The Biden “Modernizing Regulatory Review” plan is about gutting the restraint of the past four years, and if you read statements from the proponents of hyper-regulation, they aren’t coy about that.
The new memorandum poses as a reinforcement of longstanding E.O. 12866 (from 1993) on reviewing the costs and benefits of significant regulations. But that order itself had changed a Reagan administration directive that benefits “exceed” costs to the one prevailing now that benefits “justify” costs. And the modern left and progressives do not want to keep even watered-down 12866 either.
This new Review variant to emerge from “modernization” can be expected to effectively do away with cost-benefit analysis altogether—and very little of that exists now as it is. Only a fraction of rules, and none of the bulk of what government does, which is beyond the Office of Management and Budget’s (OMB) ambit. The new process is likely to do away with cost/benefit analysis by elevating unquantifiable aims as benefits (“Our Nation today faces serious challenges, including a massive global pandemic; a major economic downturn; systemic racial inequality; and the undeniable reality and accelerating threat of climate change”) and deny costs of regulation altogether. A more bipartisan view of modernization recently came from a major Department of Justice memorandum, but even that is highly deferential to administrative state governance.

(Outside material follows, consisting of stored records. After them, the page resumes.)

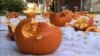 New York Man Smashes Pumpkins to Set Guinness Record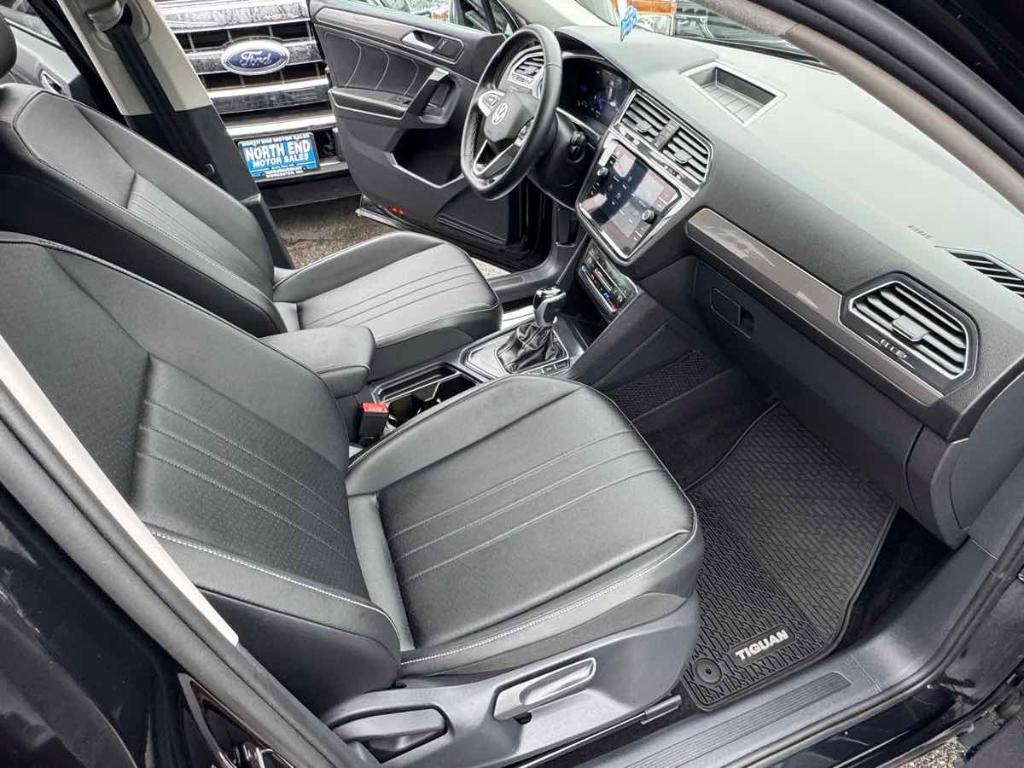 used 2023 Volkswagen Tiguan car, priced at $26,900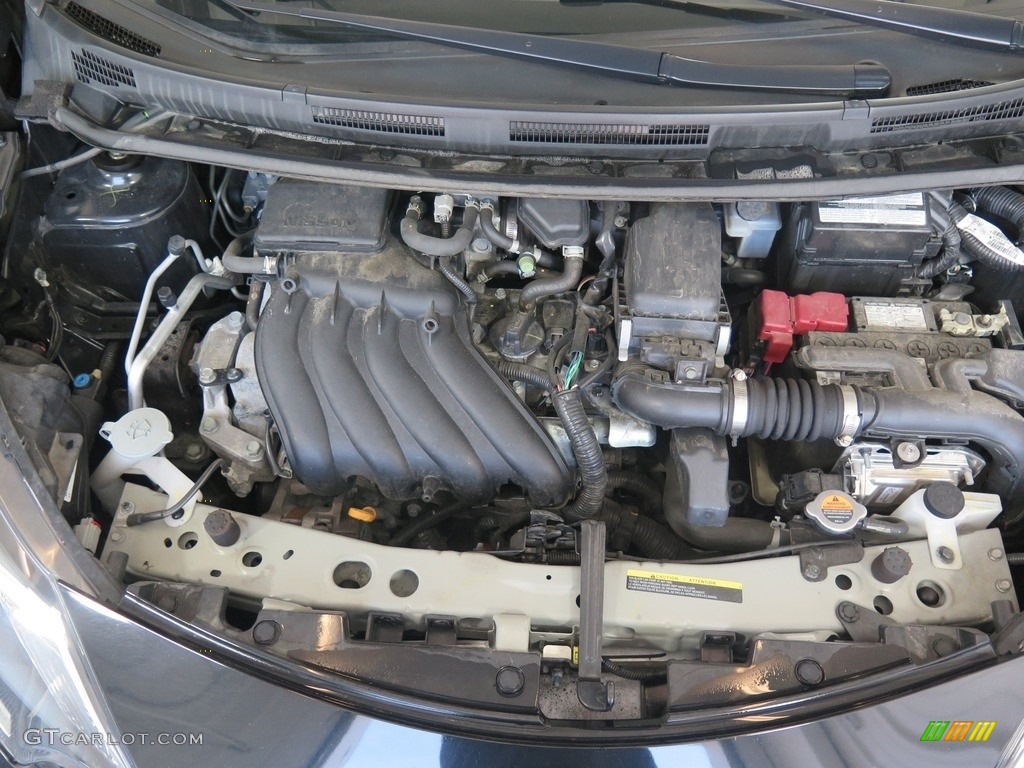 2017 Versa Note SV - Super Black / Charcoal photo #31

The memo states, “the goal of producing a set of recommendations for improving and modernizing regulatory review. These recommendations should provide concrete suggestions on how the regulatory review process can promote public health and safety, economic growth, social welfare, racial justice, environmental stewardship, human dignity, equity, and the interests of future generations.” It also would revise OMB’s Circular A-4, to “fully account … for regulatory benefits that are difficult or impossible to quantify, and does not have harmful anti-regulatory or deregulatory effects,”
There is no mention of costs and burdens of regulation. Circular A-4 already left out many categories of costs and was not a powerful restraint, and the new scheme will eclipse even that. We can be sure of that, since Biden also ditched Executive Order 13777 of February 24, 2017 (Enforcing the Regulatory Reform Agenda), which established regulatory reform officers and task forces at agencies. The input of these individuals would actually have been vitally important in the new “modernizing regulatory review,” if it were not to be a one-sided re-scripting.
So, the aim is to put weight on the scales of whether or not to regulate such that the answer will always be in the affirmative, replacing market operation and civil society with government in the pursuit of a range of non-quantifiable goals, even without legislation from Congress. Agencies are being unleashed to issue guidance, memoranda, notices, circulars, bulletins, letters, interpretations and so on; all the stuff I like to call “regulatory dark matter.”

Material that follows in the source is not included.